What does ‘Made in the UK’ mean?

For a maker to be able to use the term ‘Made in the UK’, a product must be wholly produced, manufactured or assembled within the UK (or to have been significantly changed through a treatment or process here). You can’t just apply the term willy nilly. It has to be earned. It’s proof that air miles haven’t been squandered and that something has not been made in China, for example — which is another reason we created our badges, so that you can clearly see exactly what is made in the UK on Holly & Co.

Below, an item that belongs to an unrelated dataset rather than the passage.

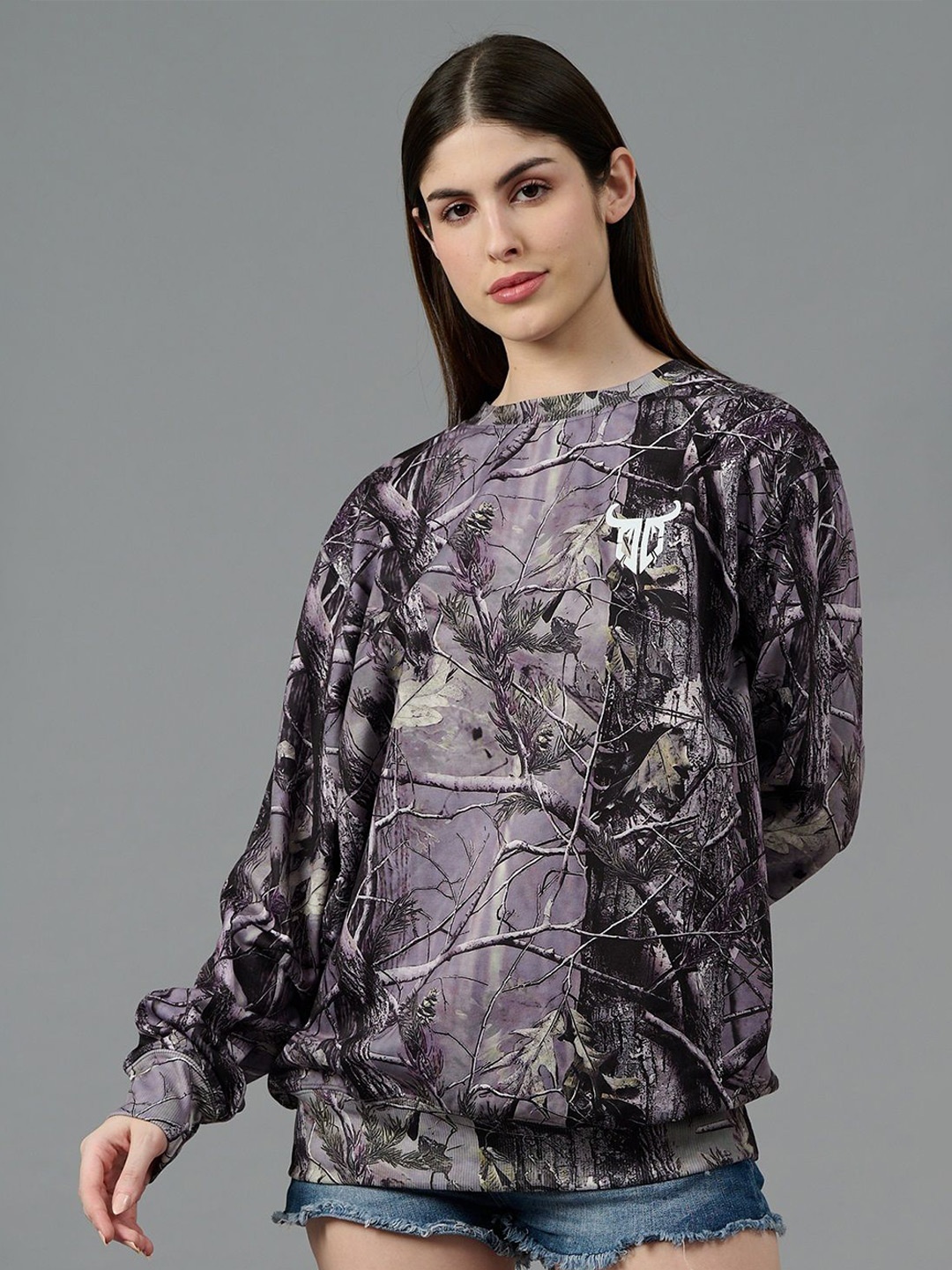 

GO DEVIL Women Graphic Printed Woolen Winter Sweatshirt, Purple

Why is ‘Made in the UK’ good? 10 reasons why we should manufacture in the UK

Here are some more points to consider…

  1. Locally made products are better for the environment — with a lower carbon footprint thanks to the reduced transportation distances.
  2. The unique skills and expertise of makers — which is often handed down through generations. People who make with their hands often create perfectly imperfect, one-of-a-kind products.
  3. A sense of purpose — knowing you are getting up each day to create something that is of real value to others.
  4. Mental health benefits — surely it’s important to value calm, slow practices over making a fast profit?
  5. The fact craft helps build rich communities — benefiting not only maker communities across the UK but also local communities, who can take pride that York is now known for its York Ghost Merchants for example or that Frome has a vibrant independent scene (see my local shopping guides on Instagram for more).
  6. It supports the UK economy and creates jobs — micro businesses are essential to the UK economy, generating £1.6 trillion and employing 16 million people — yet 92% of small businesses reported that they don’t feel seen, heard or loved.¹
  7. Unique products — focused on anything from our sense of humour and eccentricity, to our unique sense of style.
  8. A high ethical standard of workers — compared to some countries around the world, the UK rate is generally reported to be high.
  9. A high level of quality control — the UK manufacturing laws (not to mention the pride of makers) helps ensure meticulous craftsmanship.
  10. Plus there’s the emotional value of giving and receiving handcrafted gifts made locally — I truly believe it represents thoughtfulness and care because it shows you think not just about buying ‘stuff’ but about the real cost and value of what you choose to give to people.

A nation of shopkeepers

Apparently, it was Napoleon who called us a nation of shopkeepers and it was originally meant as an insult. But is it? Are the ‘swipe and scan’ tills at supermarkets really better for our communities? Corporate businesses are excelling and high streets have been accused of morphing into generic ghost towns. Won't shopkeepers with decent values, original products and the personal touch be missed? Plus it’s not just our unique physical and online shops that are slipping away, but UK crafts and crafts(wo)manship too.

Is UK craft at risk of dying out?

The World History Encyclopedia says that the word 'craft' comes from the Middle English word for 'strength' or 'skill’ — skill in planning, making and executing, and by extension ‘an occupation or trade requiring skill’.² With a 40% drop in the number of students taking art and design GCSE in 2023 compared to 2010, these craft skills look likely to diminish. Plus the number of UK crafts on the extinction or ‘critically endangered’ list is growing — with everything from piano making to fabric pleating set to disappear.

The price of buying mass produced products — plus the cost of automation

It’s not just making things in the UK either, but hand-making them. So much can be ‘generated’ these days, but at what cost? Yes, machines and computers can make things (and certainly bring many benefits, too). But what are they taking away from humans by doing so? A sense of purpose, connection, pride in your work and so on (read my article on celebrating the beauty of handmade and why craftsmanship beats AI for more on this subject). Plus the beauty is often in the mistakes and the imperfections isn’t it? So what do we get if this has no place in the modern world either? A sea of carbon copies? Is that really what we want the UK to be like?

Lucky Budgie manifesto

Why people should support Campaign Shop Independent: backing UK businesses

I launched #CampaignShopIndependent back in 2017 to fly the flag for small businesses across the UK and to support our local artisans: to show where our hard earned pounds could be going and to take pride in protecting UK craftsmanship and heritage. I wanted to take a stand to uphold conscious choices, so that we all gain from the collective positive effect that choosing handcrafted products can have on the environment, local economy and the preservation of traditional skills. Because when you spend with an independent UK business, you’re buying a little slice of their creative imagination and talent — you’re not funding a CEO’s super yacht. Every pound we spend casts a vote for the type of world we want to live in, and I for one plan on making my choices carefully.

UK made products are rich in stories

Finally, buying from the UK isn’t simply based on the practical geographical arguments either. It’s about standing up for the personal touch and using our buying power to demonstrate that the stories behind UK artisans matter. It is these stories that are poured into every piece; the little irregularities, the years of practice, the fact that it took four goes in the kiln and three cups of tea to get something finished properly and that if someone hadn’t stayed up till midnight packing parcels, it would never have got there. Together, this is what we can protect if we choose UK made. I understand it’s not straightforward. But I, for one, will be very proud to help do that.